The International Monetary Fund has said that it held constructive discussions with Pakistani authorities during last week’s spring meetings in Washington and its mission will visit Pakistan soon to continue talks on proposed bailout package. Finance Minister Asad Umar, who led the Pakistani delegation at the spring meetings, had said earlier this month that the mission would visit Islamabad soon and an agreement should be signed by the end of this month. According to media report, the finance minister went to New York on Friday but his team, which includes senior officials of his ministry and other government agencies, stayed in Washington for further talks.
Asad Umar had said the two sides had almost reached an understanding on the bailout package and in a day or two, we hope to reach a full agreement.
The report said that IMF officials were also seeking details of the China-Pakistan Economic Corridor, along with a written guarantee from both Pakistan and China that the IMF assistance will not be used to repay loans to China and the IMF insists on full disclosure of all financial cooperation between Pakistan and China.
It added that the finance minister is likely to visit China on April 25 for talks on the IMF concerns over CPEC and IMF will wait to hear from him before it finalises the bailout package.
Pakistan wants the IMF to review some of the conditions it has attached to the package while the IMF insists that those conditions are absolutely essential for a successful completion of the programme.
Pakistanis point out that this would be their 14th package with the IMF, if finalised. They argue that the conditions attached to previous programmes were also not fully implemented because they were too restrictive.

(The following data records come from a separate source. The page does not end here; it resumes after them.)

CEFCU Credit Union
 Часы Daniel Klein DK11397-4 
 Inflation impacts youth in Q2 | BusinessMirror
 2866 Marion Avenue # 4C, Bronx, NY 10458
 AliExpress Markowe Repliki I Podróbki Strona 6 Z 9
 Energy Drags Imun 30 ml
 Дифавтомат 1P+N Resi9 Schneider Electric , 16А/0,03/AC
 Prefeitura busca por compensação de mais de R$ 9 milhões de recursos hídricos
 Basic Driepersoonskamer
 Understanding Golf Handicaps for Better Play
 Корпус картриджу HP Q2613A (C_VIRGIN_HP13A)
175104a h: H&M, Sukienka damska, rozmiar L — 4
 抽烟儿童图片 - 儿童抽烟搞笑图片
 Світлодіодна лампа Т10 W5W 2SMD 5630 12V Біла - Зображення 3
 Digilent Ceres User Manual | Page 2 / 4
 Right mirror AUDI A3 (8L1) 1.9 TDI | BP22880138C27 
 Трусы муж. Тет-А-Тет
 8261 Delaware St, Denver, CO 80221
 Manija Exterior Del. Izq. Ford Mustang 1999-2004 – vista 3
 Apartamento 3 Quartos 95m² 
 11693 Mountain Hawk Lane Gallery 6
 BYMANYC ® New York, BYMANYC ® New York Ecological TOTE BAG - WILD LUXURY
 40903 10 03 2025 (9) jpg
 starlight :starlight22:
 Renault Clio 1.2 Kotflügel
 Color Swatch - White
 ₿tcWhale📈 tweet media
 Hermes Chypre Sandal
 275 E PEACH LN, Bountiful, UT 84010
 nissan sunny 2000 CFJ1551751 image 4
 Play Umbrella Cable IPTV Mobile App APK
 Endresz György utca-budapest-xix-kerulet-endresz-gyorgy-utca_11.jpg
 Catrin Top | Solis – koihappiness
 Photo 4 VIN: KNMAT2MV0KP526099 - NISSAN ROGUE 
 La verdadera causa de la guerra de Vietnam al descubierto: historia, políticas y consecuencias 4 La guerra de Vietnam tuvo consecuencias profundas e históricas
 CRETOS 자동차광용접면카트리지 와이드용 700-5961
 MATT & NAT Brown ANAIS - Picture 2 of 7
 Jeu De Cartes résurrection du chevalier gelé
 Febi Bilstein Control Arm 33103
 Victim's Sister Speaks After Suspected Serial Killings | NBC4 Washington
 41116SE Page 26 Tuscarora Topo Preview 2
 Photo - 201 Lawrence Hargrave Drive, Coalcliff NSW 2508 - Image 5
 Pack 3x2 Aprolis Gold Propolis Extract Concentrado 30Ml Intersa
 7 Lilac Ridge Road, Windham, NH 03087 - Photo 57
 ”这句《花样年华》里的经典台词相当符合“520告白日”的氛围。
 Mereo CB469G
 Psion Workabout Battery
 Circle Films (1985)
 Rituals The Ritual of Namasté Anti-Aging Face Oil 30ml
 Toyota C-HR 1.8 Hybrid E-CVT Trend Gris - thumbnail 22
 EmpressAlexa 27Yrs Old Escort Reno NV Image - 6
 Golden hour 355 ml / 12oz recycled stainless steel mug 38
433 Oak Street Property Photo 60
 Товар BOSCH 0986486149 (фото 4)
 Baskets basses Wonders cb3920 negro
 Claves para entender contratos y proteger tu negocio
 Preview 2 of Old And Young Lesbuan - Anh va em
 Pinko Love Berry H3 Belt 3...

The conditions proposed by the IMF are the making the State Bank independent, a market-oriented exchange rate, expanding the tax target by Rs5,000 billion, ending income tax concessions, more taxes on salaries, narrowing the amount of taxable income from Rs12 lakh a year to Rs4 lakh, reducing electricity and gas losses, no government interference in Nepra and Ogra policies, Rs140 billion electricity and gas revenue losses be recovered from consumers. It seems that the conditions imposed by IMF for this bailout package are becoming tough because the government could not take decision regarding this important issue on time. Now the economic situation has reached to a point where it needs bailout package as soon as possible and further delay will create more difficulties. Although the government is facing difficult situation but it should present its case strongly and should bargain on the conditions which cannot be implemented. Faster finalization of the program will provide relief to Pakistan’s ailing economy.